Now, we will formally decompose the time series into its trend, seasonal, and residual components using `statsmodels`.

In [None]:
# 3.1 Perform Seasonal Decomposition
#    Use `statsmodels.tsa.seasonal.seasonal_decompose`.
#    Consider the `model` argument: 'additive' vs 'multiplicative'.
#    - **Explain the difference between additive and multiplicative models and when each is appropriate.**
#    - **Choose the appropriate model for your synthetic data and justify your choice.**
#    - Set the `period` argument appropriately for your annual seasonality (e.g., 365 for daily data with annual seasonality).
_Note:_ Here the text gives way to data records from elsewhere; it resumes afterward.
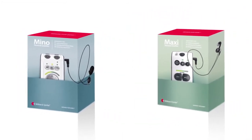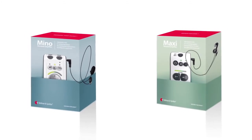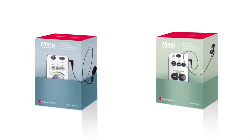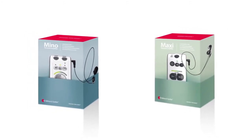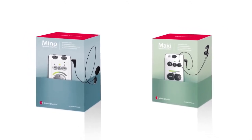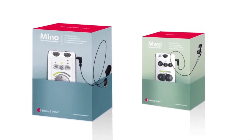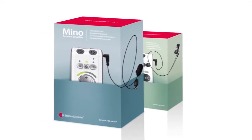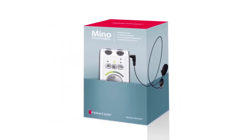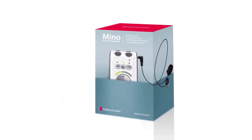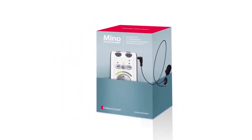Mino is our most discreet and flexible model. It is pocket-sized, equipped with a directional microphone, and offers many opportunities for customization.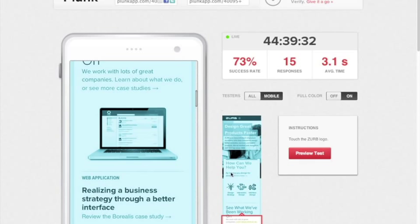Plunk lets you quickly act on feedback for your mobile designs. Head over to plunkapp.com to check it out.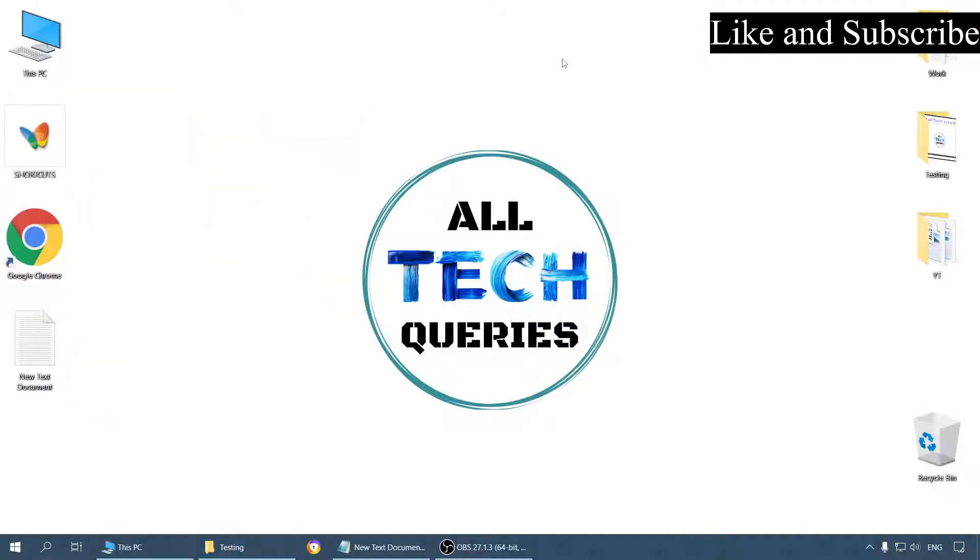So that's all for today. If you think this video was helpful, then like our video and subscribe to our channel for more how-to videos and informative tech content.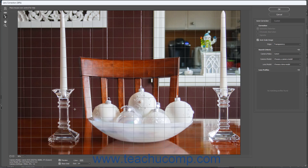To apply automatic lens corrections for the photo, click the Auto Correction tab at the right side of the screen. Check the desired available automatic corrections to apply in the corrections section, and enable or disable auto scaling by checking or unchecking the Auto Scale Image checkbox.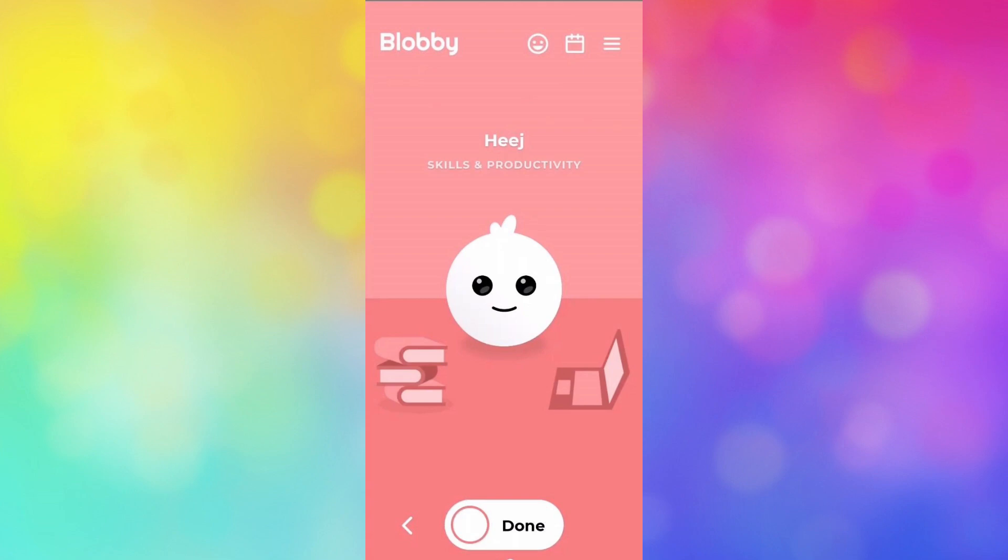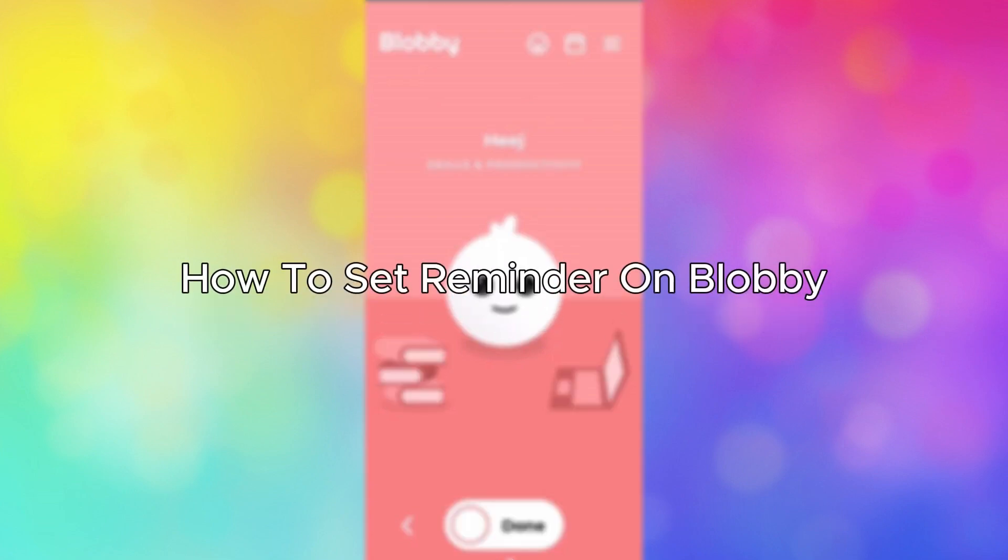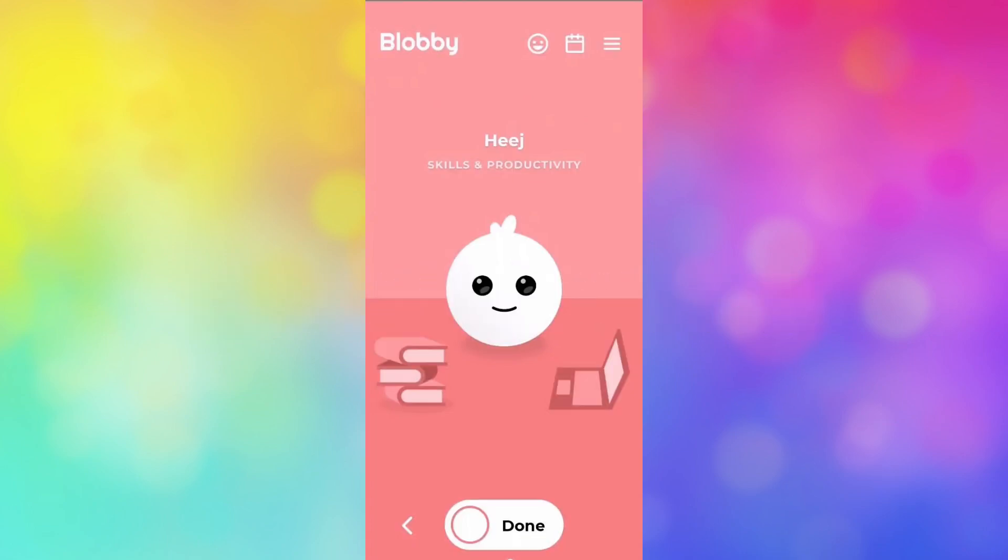Hello everybody, and in today's video I'll be teaching you how to set a reminder on Blobby. So let's get started. The first thing you'll have to do is go into Blobby and log into your account.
### Explanation: Additive vs. Multiplicative Decomposition
*(Write your explanation here: when to use additive, when to use multiplicative. Justify your choice for this dataset.)*

decomposition_model = 'additive' # or 'multiplicative', choose based on your explanation
seasonal_period = 365 # or 7 if weekly is dominant, or both in a complex way

print(f"Performing {decomposition_model} decomposition with period={seasonal_period}...")
# TODO: Perform decomposition
# result = seasonal_decompose(ts_data, model=decomposition_model, period=seasonal_period)


# 3.2 Plot the Decomposed Components
#    Use `result.plot()` to visualize the original, trend, seasonal, and residual components.
#    Ensure the plot is clearly displayed.

plt.figure(figsize=(12, 10))
# TODO: Plot the decomposition results
# result.plot()
# plt.suptitle(f"Time Series Decomposition ({decomposition_model} model)", y=1.02)
# plt.tight_layout(rect=[0, 0, 1, 0.98]) # Adjust layout to prevent title overlap
# plt.show()


## Part 4: Interpretation and Reflection (15 points)

Analyze the results of your decomposition and reflect on its implications.

### Your Answers to Reflection Questions:

1.  **Based on the decomposed plots, describe the identified trend, seasonal, and residual components of your synthetic time series. Do they match your expectations from how you generated the data?**

    * **Trend:** _(Your description here)_
    * **Seasonality:** _(Your description here)_
    * **Residuals:** _(Your description here)_

2.  **How would you identify potential outliers or unusual events in a real-world time series using the residual component?**

    _(Your answer here)_

3.  **What are some limitations of this `seasonal_decompose` method (e.g., regarding non-linear trends, multiple seasonalities, or end effects)?**

    _(Your answer here)_

4.  **Suggest two more advanced time series analysis or forecasting techniques that could address some of the limitations mentioned above.**

    * **Technique 1:** _(Name and brief explanation)_
    * **Technique 2:** _(Name and brief explanation)_


## Deliverables:

1.  This completed Jupyter Notebook (`time_series_decomposition_assignment.ipynb`) with all code cells executed and reflection questions answered.
2.  Ensure all plots are clearly visible and well-labeled within the notebook.